LncRNAs are a class of ncRNAs exceeding 200 nucleotides in length, lacking a significant open reading frame and thus minimal protein-coding capacity[33]. Their formation is multifaceted, arising from various pathways, including the independent transcription of introns, promoters, enhancer regions, and specific lncRNA genes in intergenic areas[34,35]. This diversity in generation mechanisms underpins their extensive biological functions. LncRNAs exert regulatory effects on gene expression at multiple levels, including chromatin remodeling, RNA modification, RNA stability regulation, transcriptional modulation, splicing control, and translation initiation. These regulatory actions of lncRNAs have a significant impact on cellular gene expression profiles[36-39]. LncRNAs are involved in key cellular processes related to physiology, and alterations in their expression are linked to diverse disease developments[40]. They participate in dosage compensation, transcriptional and post-transcriptional regulation, epigenetic control, and cellular differentiation[41-43]. Their subcellular localization correlates with their functional roles, particularly in nuclear functions, where they can regulate protein localization, abundance, and host gene expression[41-43]. Additionally, lncRNAs interact with DNA, RNA, or proteins to form complexes that modulate gene expression patterns[44]. Their expression is finely tuned and contributes to various gene expression regulatory mechanisms, including influencing the transcription of neighboring genes and participating in chromatin biology processes such as DNA replication and the response to DNA damage[33,45].

CircRNAs

CircRNAs are widely expressed RNAs that do not have structures such as a 5’ terminal cap and a 3’ terminal polyadenylation tail[46]. They are mainly formed through a specific RNA splicing process, known as “reverse splicing”, which produces alternative splicing products that enable circRNAs to form a covalently closed continuous loop structure[47]. Research indicates that circRNAs participate in diverse molecular functions associated with cellular metabolism, the cell cycle, transcriptional regulation, and the efficient initiation of translated protein products[48,49]. CircRNAs are essential components of gene expression mediation, and they are involved in and influence a variety of biological processes, including early growth, immune response, neurodevelopment, and cancer formation[50]. CircRNAs contain both exons and introns and can participate in regulating gene expression[51].

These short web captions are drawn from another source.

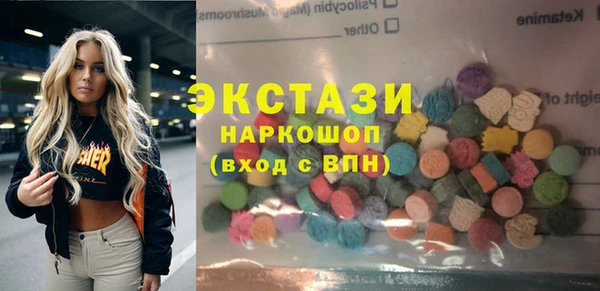 кокаин перу Алексин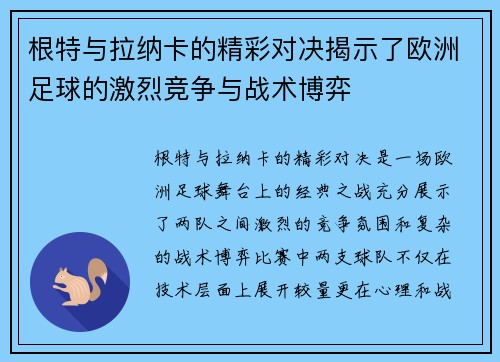 根特与拉纳卡的精彩对决揭示了欧洲足球的激烈竞争与战术博弈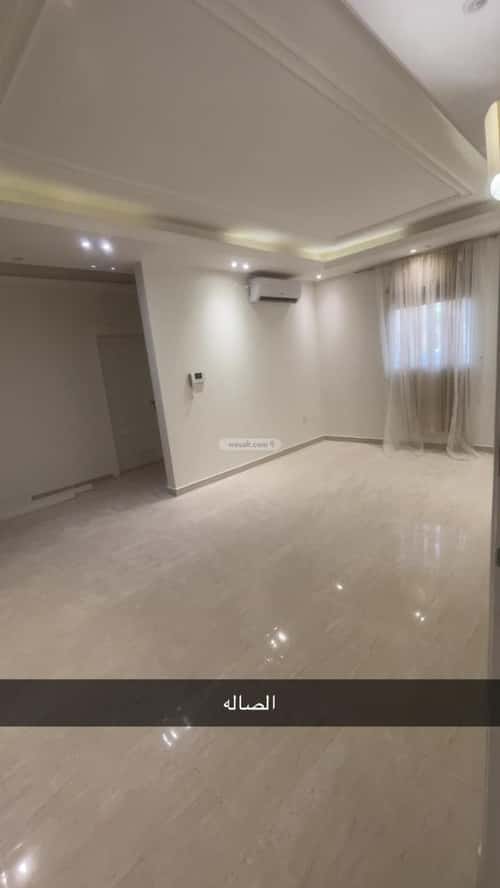 Apartment 130 SQM with 3 Bedrooms Al-Malqa, North Riyadh, Riyadh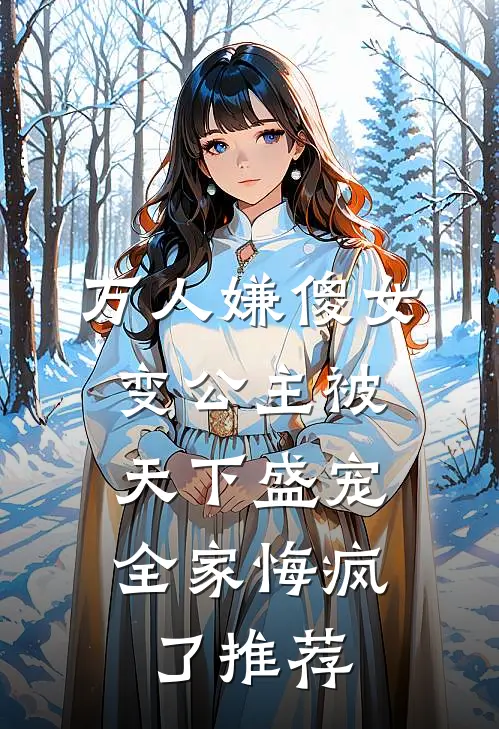 万人嫌傻女变公主被天下盛宠，全家悔疯了推荐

CircRNAs exhibit multiplicity through alternative splicing, generating diverse exon-intron structures from different genes[52]. With high efficiency, the circRNA structure can act as a template for roll-over replication, facilitating the efficient production of multiple RNA copies[53]. In human fibroblasts, 14.4% of actively transcribed genes generate circRNAs, which show high expression and are more abundant and stable than their linear counterparts[54]. Due to the lack of 5’-3’ polarity and polyadenylated tails, circRNAs exhibit high stability[55,56], thereby resisting exonucleases and accumulating in various cell types, including neural tissues. Additionally, neuronal circRNAs in the mammalian brain exhibit conservation, with higher sequence conservation and expression levels compared to other RNA types[55,56].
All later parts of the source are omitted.